BANGKOK: The Cambodian official arrested by Thai police on suspicion of smuggling weapons entered Thailand using a private road that is part of a border-hugging casino owned by CPP Senator Ly Yong Phat and is not subject to immigration controls, according to two officials at the border.
The existence of such an unregulated crossing was denied by a representative of Yong Phat, who said everyone who used the road was still required to pass through the nearby immigration checkpoint.
Leang Piseth, a lieutenant at the Ministry of Interior’s General Department of Immigration, was arrested on June 3 in Thailand’s Trat province after the discovery of AK-47s, machine guns, grenades and ammunition in the crashed car of Thai Air Force officer Pakhin Detphong.
A senior official at the Cham Yeam International Checkpoint, which connects Trat with Koh Kong province, told The Post last week that the white Range Rover that Piseth drove to Thailand was recorded by a CCTV camera in the area on the morning of his arrest.
The footage allegedly showed the arrested official’s car driving towards Thailand using the road in Yong Phat’s Koh Kong Resort, a casino and hotel about 500 metres from the border, according to the official, who spoke on the condition of anonymity for fear of repercussions.

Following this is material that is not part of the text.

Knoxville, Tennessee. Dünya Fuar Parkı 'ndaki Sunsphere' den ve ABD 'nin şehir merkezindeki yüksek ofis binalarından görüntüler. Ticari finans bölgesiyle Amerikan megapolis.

“After the accident, we checked and we know from the camera. We checked, and he went through the casino,” said the officer. Asked if the immigration officials at the nearby Cham Yeam checkpoint controlled the road through the casino complex into Thailand, he said they did not.
Cham Yeam International Checkpoint Deputy Chief Phuong Bunthoeun confirmed the official’s account yesterday by phone and said his unit had sent a report about Piseth’s crossing into Thailand via the Ly Yong Phat casino private road to their superiors in Phnom Penh.
Bunthoeun said the route near the checkpoint was not monitored by officials from the Department of Immigration.
A witness said that Detphong’s pickup truck, which carried the weapons, crashed about 7:40am on June 3. According to Thai authorities, Piseth and Kraikraing then approached the scene about two hours later before they were arrested.
Both men have denied involvement in arms smuggling.
The Cambodian immigration officer at the Cham Yeam checkpoint who described Piseth’s crossing on the morning of June 3 declined to be interviewed further and would not answer questions about the timing of Piseth’s movements.